How efficient is it? This is called the AFUE (annual fuel utilization efficiency) and is a key factor in your final decision. The minimum AFUE requirement is 78% for electric furnaces and 80% for gas furnaces. If yours isn’t running anywhere near that, you could save money by replacing it. New models are anywhere from 80% to 95% efficient.

You might be able to lessen the workload of your old one with some low-cost fixes in your home like replacing weatherstripping, sealing off leaks in the ductwork, or adding insulation. Have a professional energy auditor check your home for all the places where you are losing energy. You can also talk to the manufacturing company of your furnace and find out if there is anything that can improve its performance, like a new part instead of a completely new unit.

Is this a repeat problem? If you have had this furnace a long time and it keeps breaking down, it may be time to just get a new one. Your repair bills are likely costing you more than a replacement would.

Which solution will save you more money in the long run? Although buying a new one may cost more now, it may save you money in the end if it is going to be more efficient than your repaired furnace. Do a little math and figure it out. Take the difference of the efficiency of your furnace and that of a new one and multiply that percentage against your energy bills for last year. This will give you an estimate of how soon you can expect to receive your investment back.
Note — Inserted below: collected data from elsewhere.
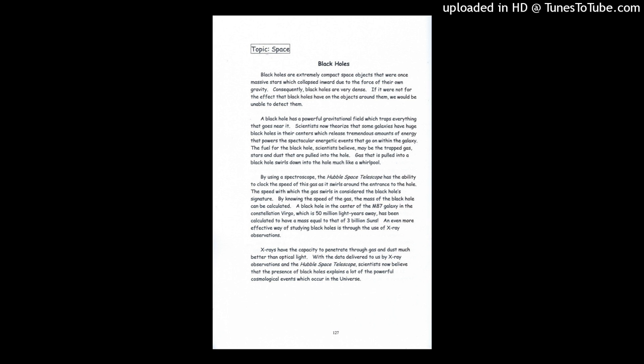If it were not for the effect that black holes have on the objects around them, we would be unable to detect them. A black hole has a powerful gravitational field which traps everything that goes near it.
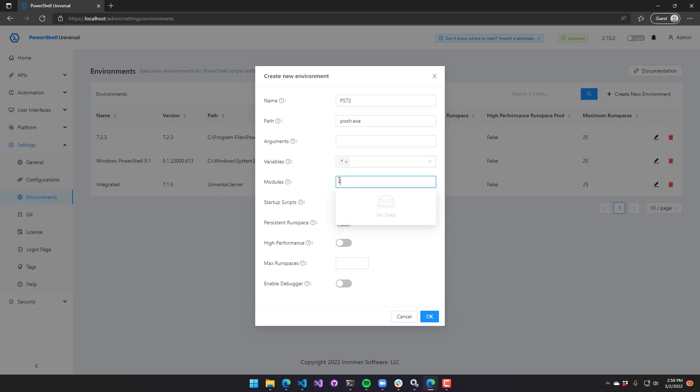The modules view here allows you to import any modules automatically. With module autoloading, this isn't super important. But if you had a path to a module or something like that that wasn't on the PS module path, you definitely can include that here.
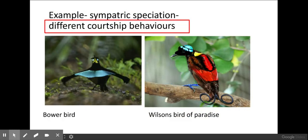One example could be different courtship behaviours. For example, these birds of paradise from Papua New Guinea have each adapted to attract their mates in different ways. The bowerbird does a very strange funny dance, and as you can see both of these birds have beautiful colours which attract females. The female bowerbird would not be attracted to the Wilson's bird of paradise and vice versa. They have evolved different courtship behaviours — this is an example of sympatric speciation, whereby over time different alleles emerge and the species are no longer able to interbreed.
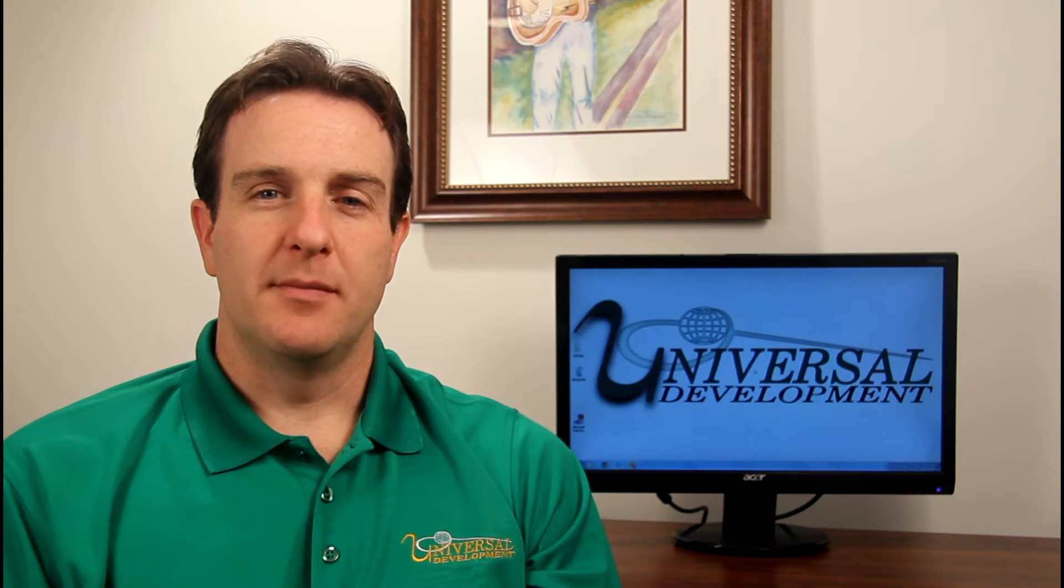Hi. This is Brendan from Universal Development. In this tutorial, I want to talk to you about what I think is my favorite feature of the online resident portal. That's online payments.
Did you know that a new, more energy-efficient model can also get you a tax break of a few hundred dollars?

If the first repairman or inspector says to replace the furnace, remember to get 2 or 3 estimates before you decide. Now that you know what to look for, you also know what to ask them. Even if your old furnace has a few more years left on it, you may decide you want a new one for convenience features like a programmable thermostat.